Puse clavos y lo instalé arriba de mi cama. A veces con la luz apagada imaginaba que los personajes salían hacia fuera, se sentaban en mi cama y hablábamos sobre amor, amistad, política, hablábamos sobre lo que habíamos hecho ese día y lo que haríamos mañana, o dentro de seis meses. Otras veces, observaba el cuadro largo y tendido, también acercaba mi mano hasta sentir la aspereza de la pintura en mis dedos,  recorría el cuadro mis brazos y mi cara, lo olía, apoyaba mis labios en las rugosas pinceladas, lo acariciaba con mi pelo.
Pasé varios meses sumergida en mi Rivera original, creyendo que cada una de las veces que lo tocaba sería la última, podría estropearlo.
Con el paso del  tiempo los colores fuertes y vivos de mi Rivera original se apagó, la madera apolillada se partió. Y la obra me conmovía de forma tal  que no podía pensar en venderla, menos en regalarla o donarla. Sabía muy bien que si me deshacía de mi Rivera original podría, por ejemplo, alquilar la casa que deseada hacía tanto, con un living grande y paredes enormes para llenar el hogar de cuadros con los artistas que en verdad me gustan, ponerle los colores que quiera, y llenar el espacio de la aspereza de la seda.

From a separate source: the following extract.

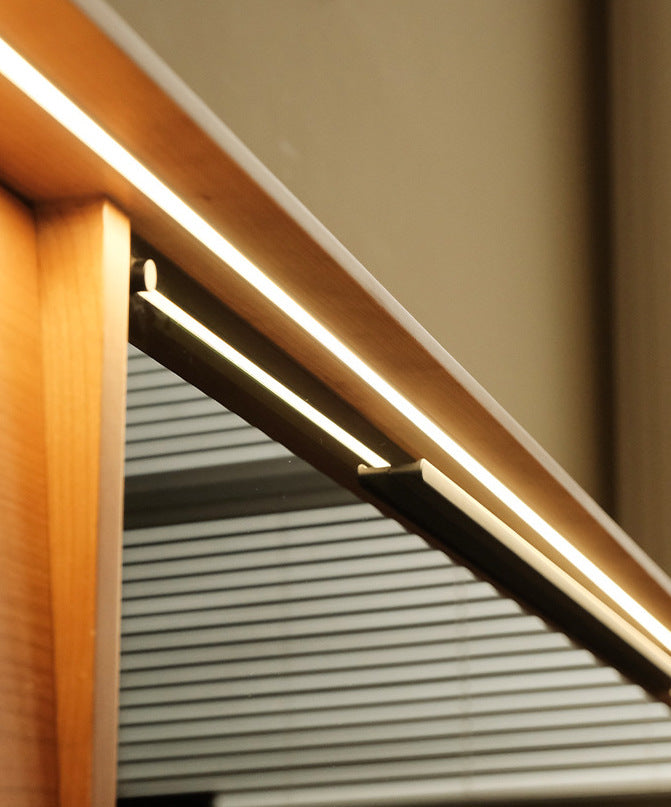 Cherry wood Japanese TV cabinet with lights - BOZI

Un  día, al despertar, algo cambió: miré como cada mañana a mi Rivera original, esta vez el trazo, los personajes, los colores ya no eran los mismos. La canasta del “Cargador de flores” se veía gris, ni siquiera los brazos de la mujer ni del hombre tenían fuerza para sostener tanto peso, las flores se habían amarronado. Sentía que si seguía conservando el cuadro, la habitación y la casa entera iban a marchitarse. Con esa certeza, después de varios intentos, descolgué mi Rivera original. Ese día me senté en la cama, acaricié el óleo con mis dedos, lo recorrí con mis labios, respiré profundo. Abracé la obra de arte, y así salí a la calle. La deposité en un container.
 Un rato después, mi Rivera original ya no estaba más.